Radiografia da coluna dorsal e lombrar do paciente mencionado no caso clínico A.

 

Patogênese

Remodelamento ósseo

O conceito de remodelamento ósseo é indispensável para o entendimento da patogenia da osteoporose. Modelamento ósseo é a formação de osso onde originalmente há cartilagem. Isso ocorre desde o período fetal até a finalização do crescimento. No remodelamento ósseo, o osso preexistente é absorvido e é formado um novo tecido ósseo. Esse processo acontece já na fase de modelamento e permanece por período indefinido. Devido ao remodelamento ósseo, há permanente revitalização do esqueleto, e materiais depositados no osso são utilizados pelo organismo. Constantemente, 30% do esqueleto, distribuído de modo heterogêneo, está em processo de remodelamento.

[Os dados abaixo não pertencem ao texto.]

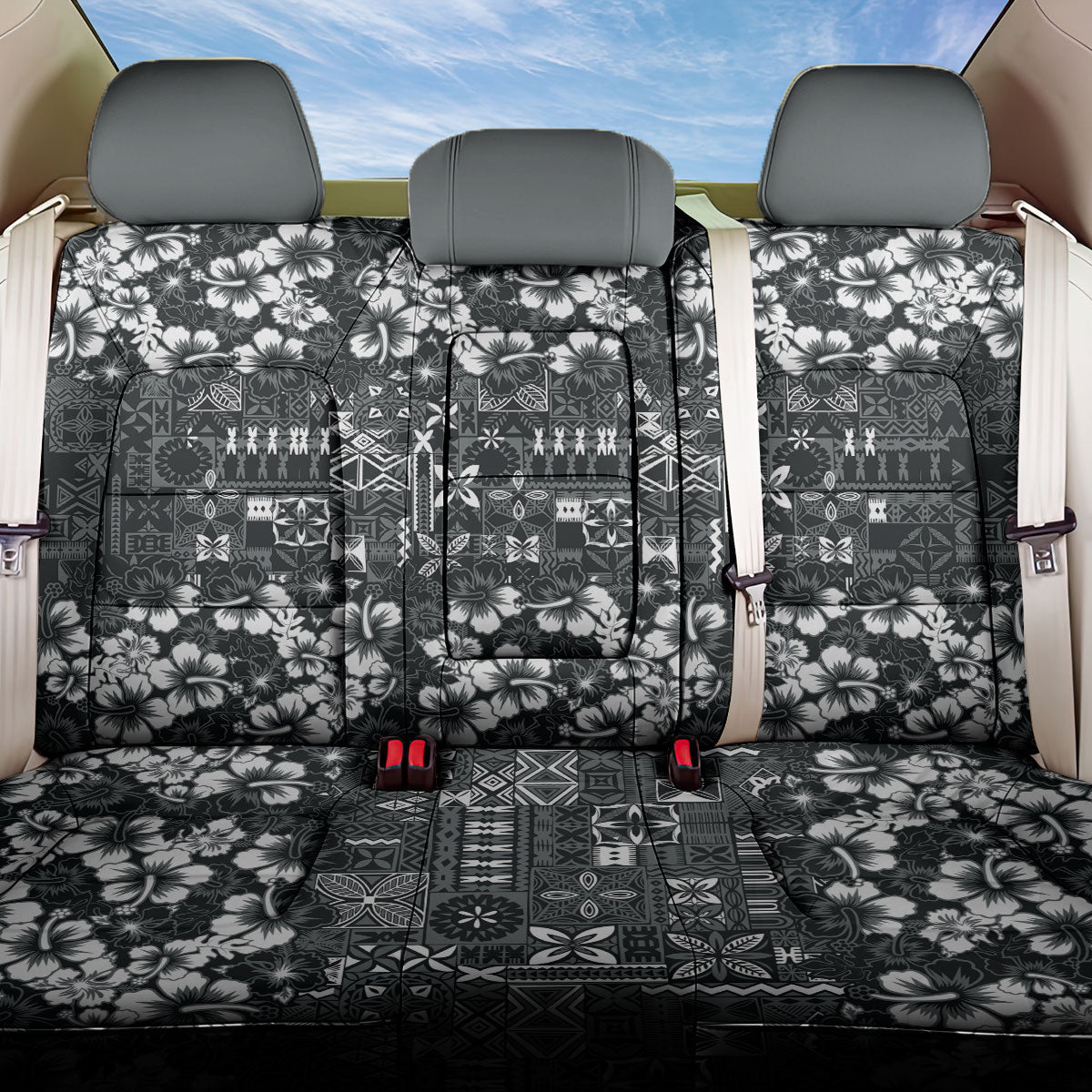 Black Hawaiian Tapa Tribal Hibiscus Back Car Seat Cover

O remodelamento consiste em três fases: reabsorção, quiescente ou de reversão e formação (Figs. 126.2 e 126.3).

 

Reabsorção. As células precursoras dos osteoclastos, derivadas da mesma linhagem mononuclear hematopoiética que origina os macrófagos, migram para a superfície do osso, unem-se para formar osteoclastos multinucleados, e estes iniciam a reabsorção óssea. Essas células secretam colagenase e outras enzimas que digerem proteínas da superfície do osso. Elas absorvem osso, contendo a fase mineral e a matriz a partir da superfície trabecular, formando as lacunas de Howship e, internamente, no osso cortical, formando cavidades em forma de túneis.

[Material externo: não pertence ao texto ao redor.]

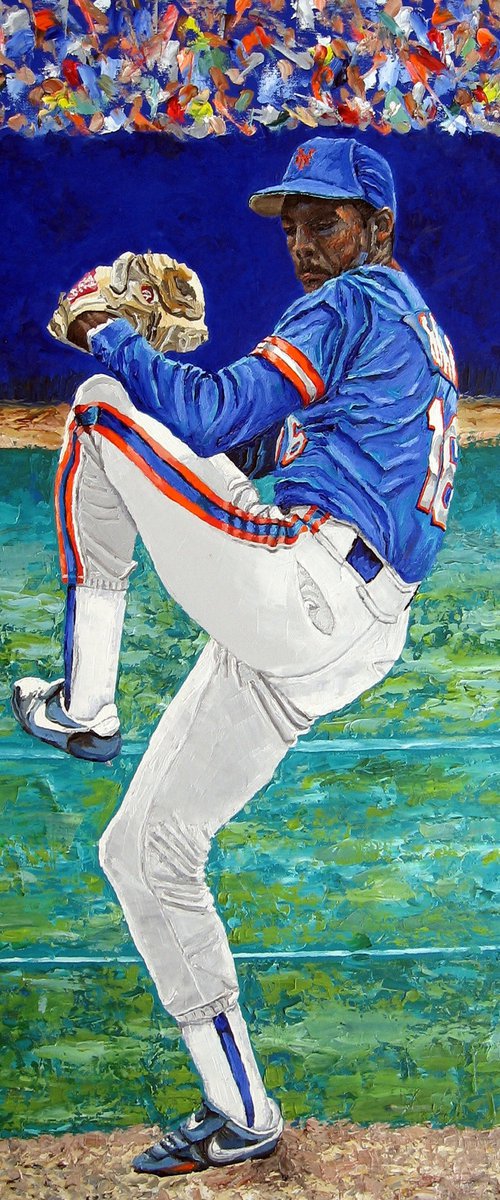 New York Mets Pitcher - 1986 Mets by Mike  Rabe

Há vários fatores envolvidos na ativação dos osteoclastos. O sistema constituído por fator estimulador de colônias (M-CSF), osteoprotegerina (OPG), ativador de fator nuclear Kappa ß (RANK) e seu ligante (RANKL), promove a diferenciação de células precursoras em osteoclastos, sua proliferação e ativação (Fig. 126.4).

Para que se inicie a reabsorção, hipocalcemia e secreção aumentada de PTH certamente são primordiais. Os osteoblastos, com receptores para PTH, são ativados e secretam M-CSF para que comece a atividade dos osteoclastos. Os osteoblastos também expressam RANKL (ligante do receptor ativador do NF-Kappaß). RANKL interage com RANK, que está localizado nos precursores dos osteoclastos. Esse receptor é o mesmo envolvido na interação de células T e células dendríticas. Após a ligação RANKL/RANK, há ativação, migração, diferenciação e fusão de células hematopoiéticas da mesma linhagem dos macrófagos, formam-se os osteoclastos e inicia-se o processo de reabsorção.

A função da osteoprotegerina, secretada pelos osteoblastos, é regular competitivamente à produção de osteoclastos ao ligar-se ao RANKL. Inibindo a osteoclastogênese, favorece a formação óssea.

Esse cenário e seus participantes demonstram claramente que células e moléculas envolvidas na apresentação de antígenos e na resposta inflamatória são os mesmos atuantes do remodelamento ósseo, e pode-se facilmente perceber por que doenças malignas, infecciosas e inflamatórias cursam com osteoporose.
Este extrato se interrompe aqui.